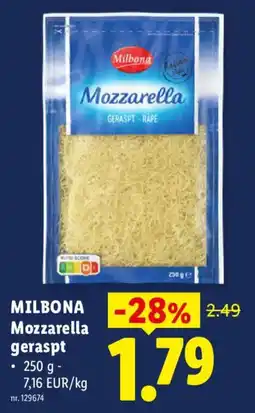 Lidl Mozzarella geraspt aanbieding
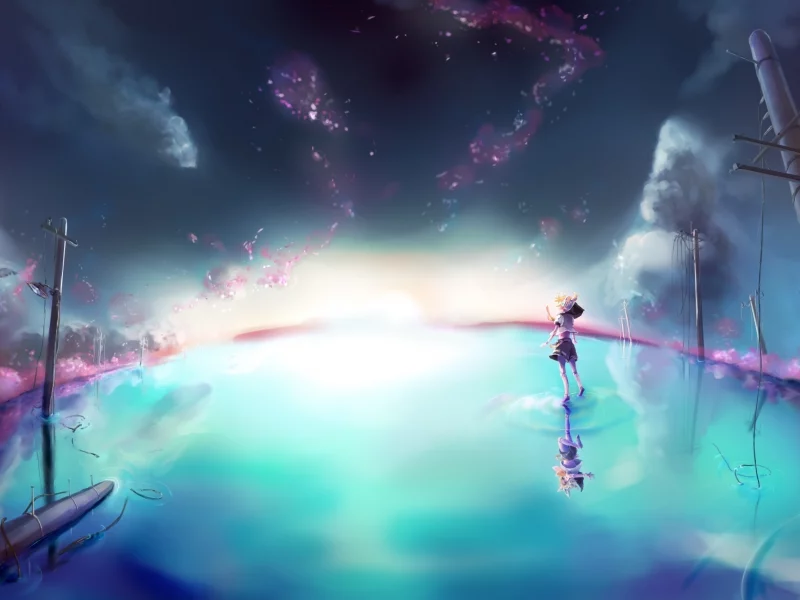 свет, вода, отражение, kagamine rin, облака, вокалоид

* * *

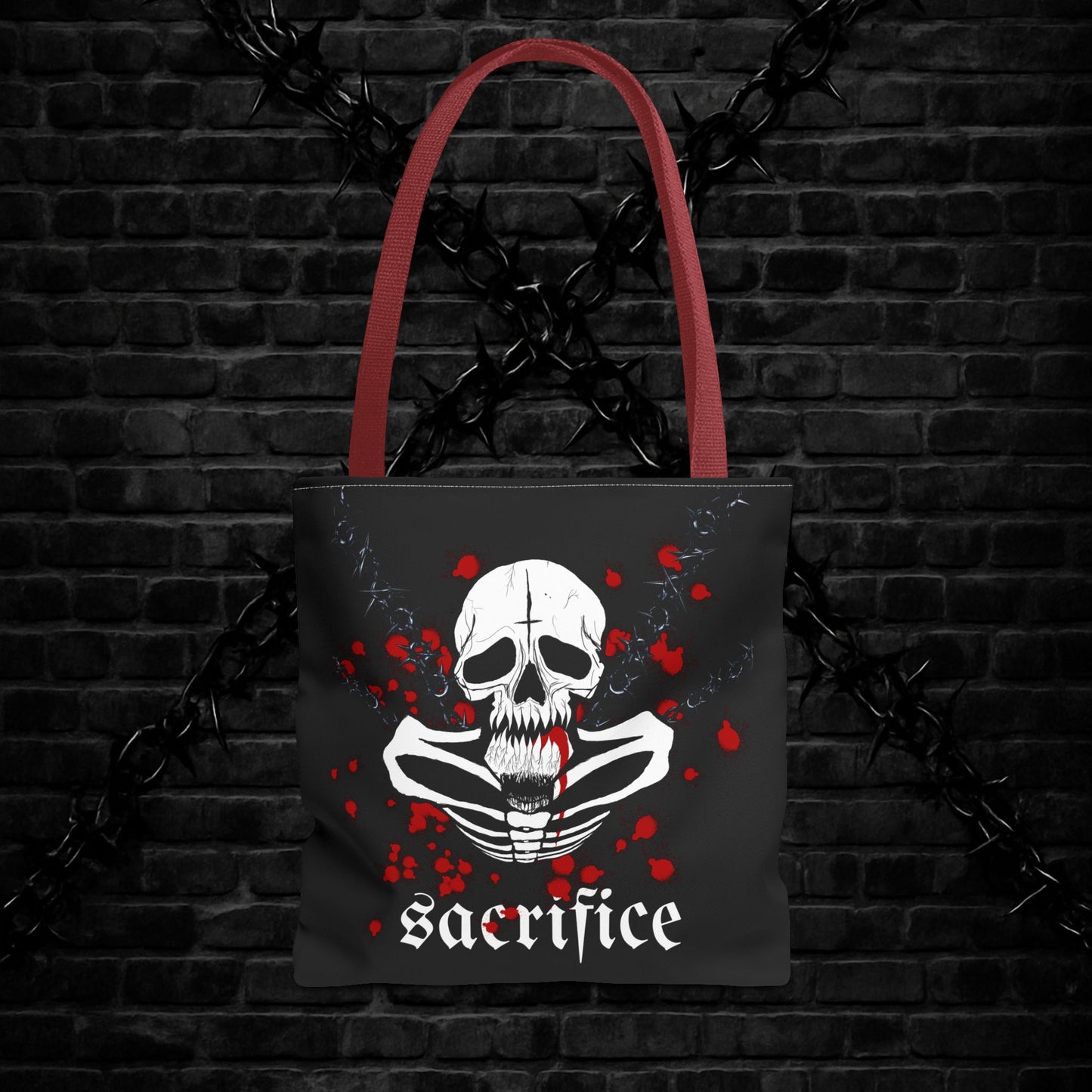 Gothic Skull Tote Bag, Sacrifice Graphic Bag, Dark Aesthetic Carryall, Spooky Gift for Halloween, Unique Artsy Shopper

Exercise:
Above, find the line holding "Lidl Mozzarella geraspt aanbieding" and the line holding "свет, вода, отражение, kagamine". Print exactly those two lines and every line between them, but no pictures.

Solution to this problem:
 Lidl Mozzarella geraspt aanbieding
 свет, вода, отражение, kagamine rin, облака, вокалоид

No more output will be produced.